Research in MAVI

There are two major research areas in which MAVI is being used as a prototype platform.

  • Design Space Exploration
  • When it comes to building complex systems such as MAVI, it is not known in advance which hardware configurations would be the most suited for the set of applications being targeted. In fact, the designer usually encounters a huge design space from which one has to choose the components and their operating points for the system. This decision, typically, is based on some approximate spreadsheet calculations or just the designer's/team's experience. We aim to create a framework to enable application metrics based exploration of the design space.

  • Sensor Fusion for System Optimization
  • Complex systems have a great variety of sensors for capturing the analog world. However, most of the sensors perform well only in a limited set of conditions. Therefore, it becomes necessary for the system to be able to choose which sensors should be used in what scenario. For example, RGB Cameras provide low quality imaging in dark conditions while Depth images formed through IR scans are very defective in bright sunlight. If we were to keep all the sensors working at the same time, it would be a terrible waste of energy. Therefore, use of context and real time conditions can be useful in selection of sensors which can be used in the specific environment.

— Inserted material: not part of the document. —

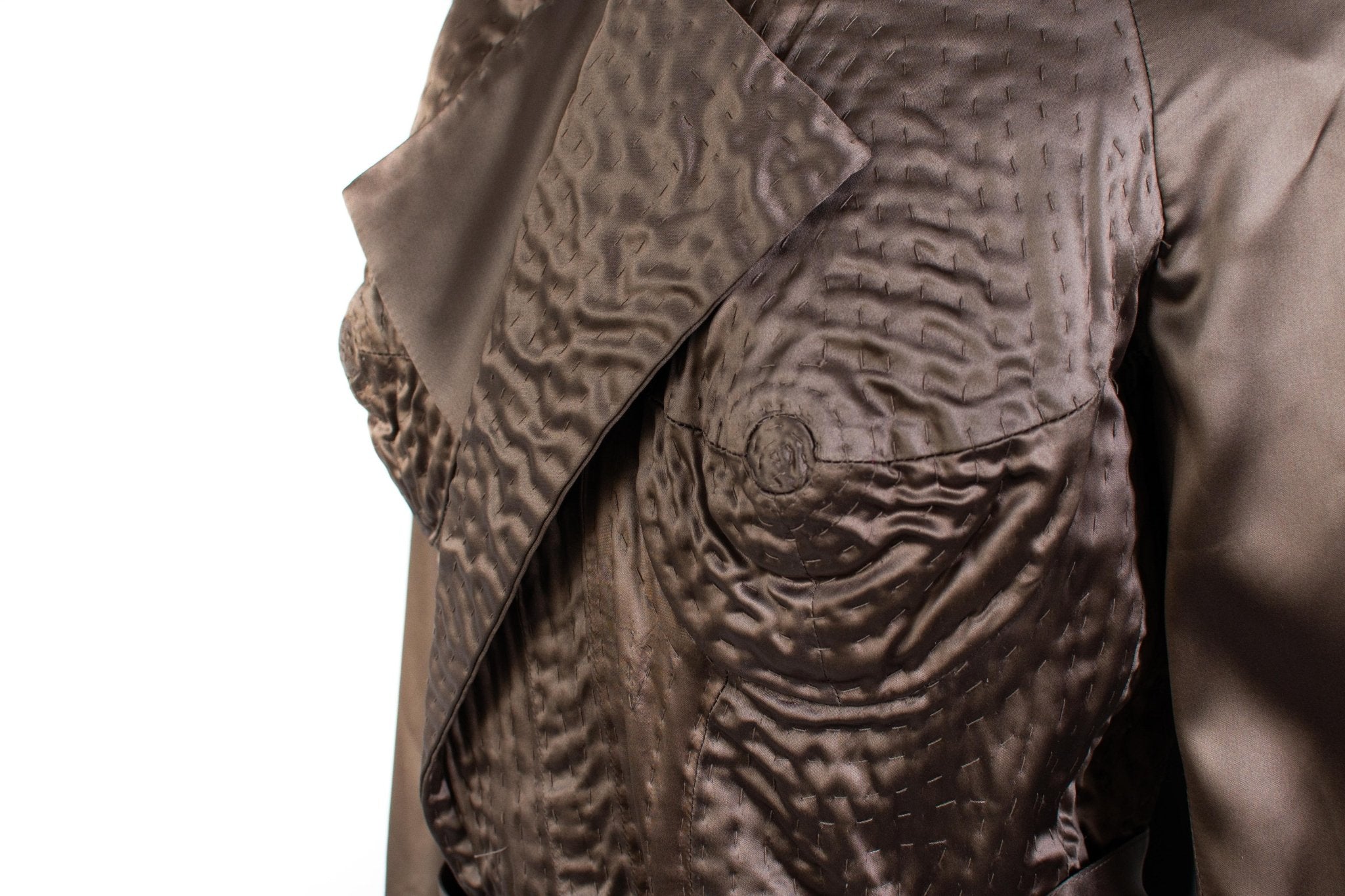 S/S 2003 Yves Saint Laurent by Tom Ford Surrealist Stitch Silk Trench Coat Dalà­ - RealList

    1. Kedia, Rajesh*, Anupam Sobti*, Mukund Rungta, Sarvesh Chandoliya, Akhil Soni, Anil Kumar Meena, Chrystle Myrna Lobo, Richa Verma, M. Balakrishnan, and Chetan Arora. "MAVI: Mobility Assistant for Visually Impaired with Optional Use of Local and Cloud Resources." In 2019 32nd International Conference on VLSI Design and 2019 18th International Conference on Embedded Systems (VLSID), pp. 227-232. IEEE, 2019.

    *Equal Contribution

    2. Sobti, Anupam, Chetan Arora, and M. Balakrishnan. "Object Detection in Real-Time Systems: Going Beyond Precision." In 2018 IEEE Winter Conference on Applications of Computer Vision (WACV), pp. 1020-1028. IEEE, 2018.

    3. Kedia, Rajesh, K. K. Yoosuf, Pappireddy Dedeepya, Munib Fazal, Chetan Arora, and M. Balakrishnan. "Mavi: An embedded device to assist mobility of visually impaired." In 2017 30th International Conference on VLSI Design and 2017 16th International Conference on Embedded Systems (VLSID), pp. 213-218. IEEE, 2017.